→ **Entries provided**
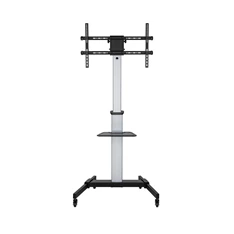 Stell SOS 4050 37"-86" profi TV padlóállvány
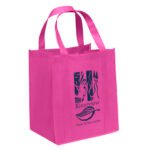 Custom Big Thunder® - Non-Woven Tote - Screen Print - 4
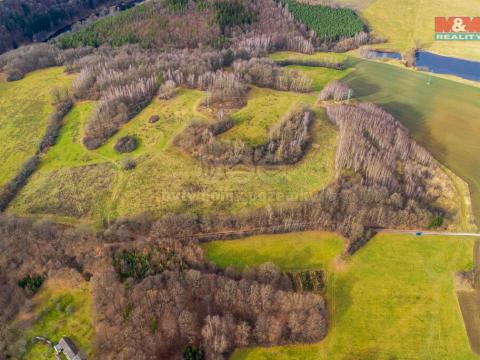 Prodej pozemku, Dolní Třebonín - Štěkře, 6738 m2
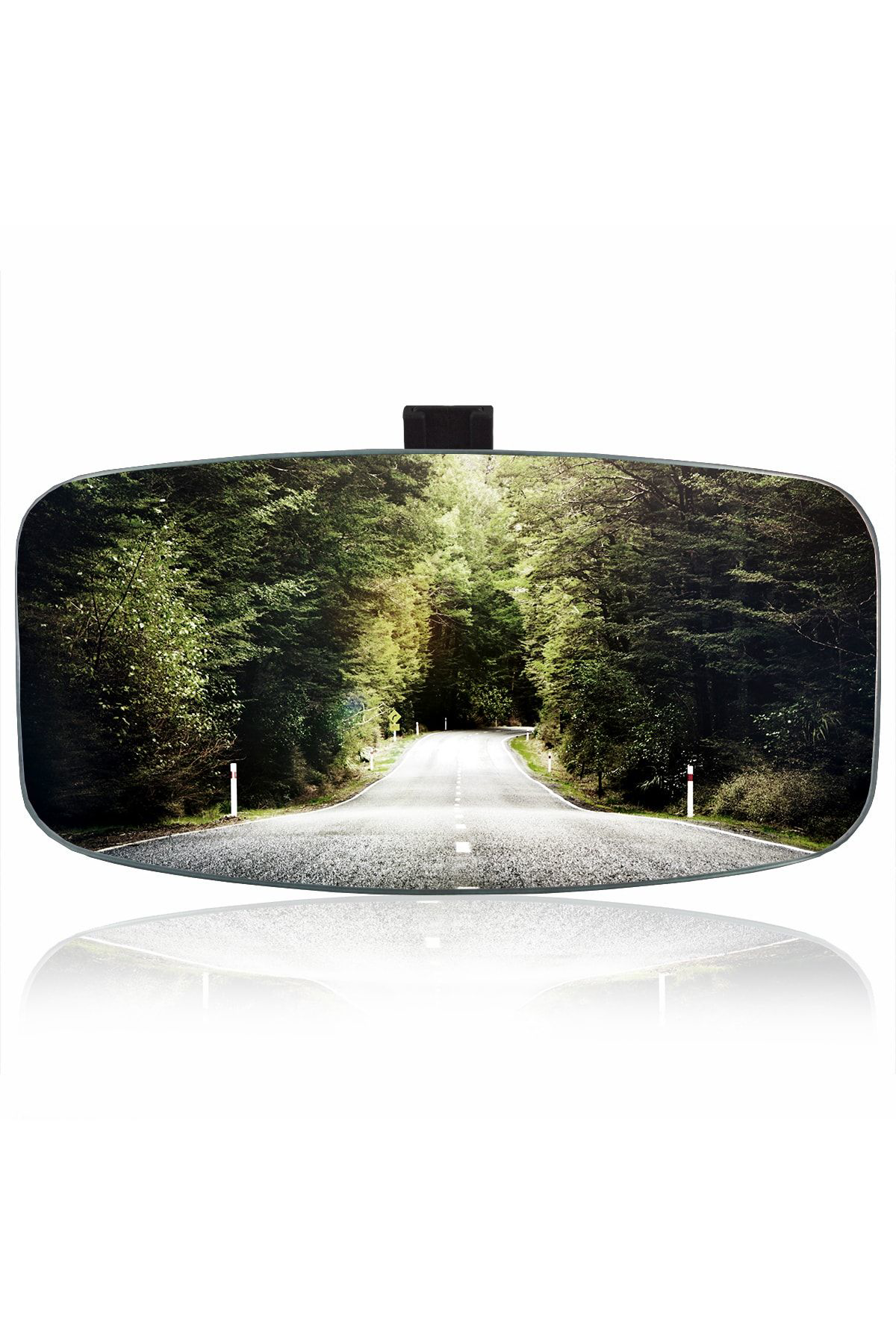 Nazar Dik Kollu Universal Dikiz Aynası 29x15 Cm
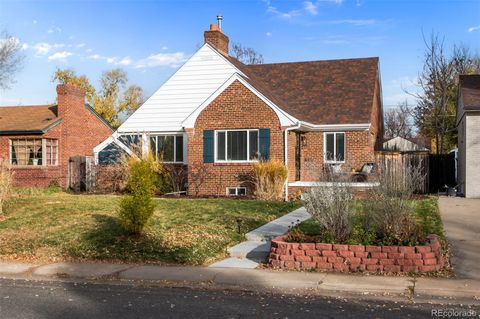 2842 N Glencoe Street Denver CO 80207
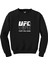 Ufc Fg Siyah Sweatshirt 1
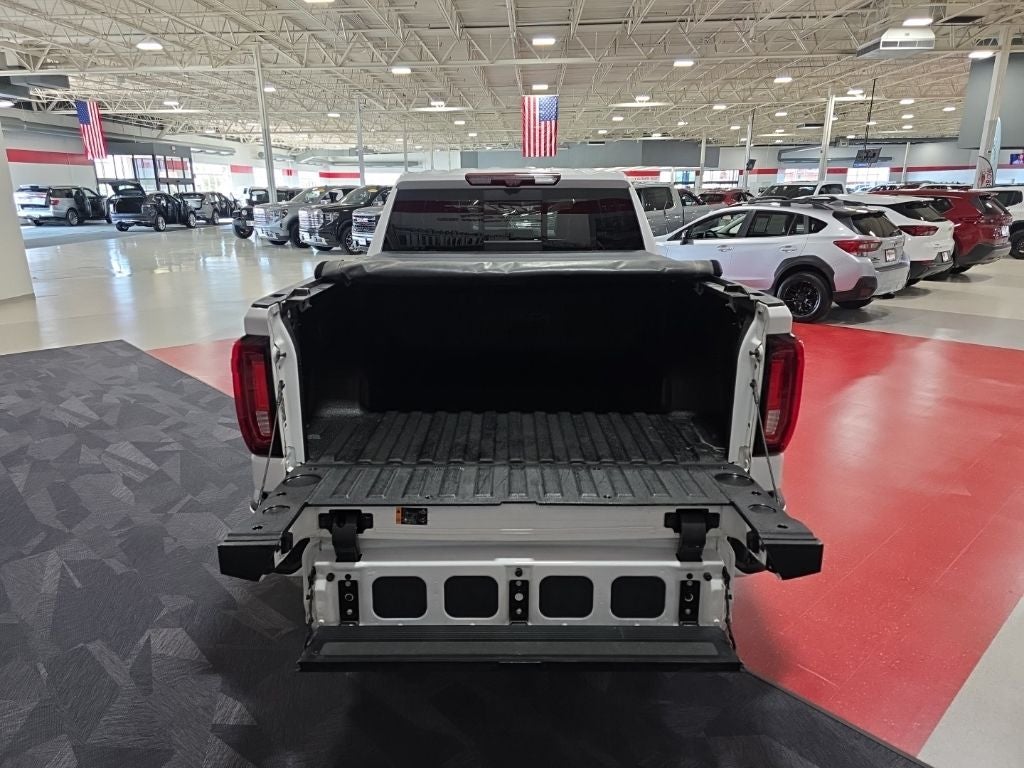 2022 GMC Sierra 1500 AT4 CarBravo Certified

→ **Task brief**
Write out each entry again exactly, and skip the pictures.

→ **Written response**
 Stell SOS 4050 37"-86" profi TV padlóállvány
 Custom Big Thunder® - Non-Woven Tote - Screen Print - 4
 Prodej pozemku, Dolní Třebonín - Štěkře, 6738 m2
 Nazar Dik Kollu Universal Dikiz Aynası 29x15 Cm
 2842 N Glencoe Street Denver CO 80207
 Ufc Fg Siyah Sweatshirt 1
 2022 GMC Sierra 1500 AT4 CarBravo Certified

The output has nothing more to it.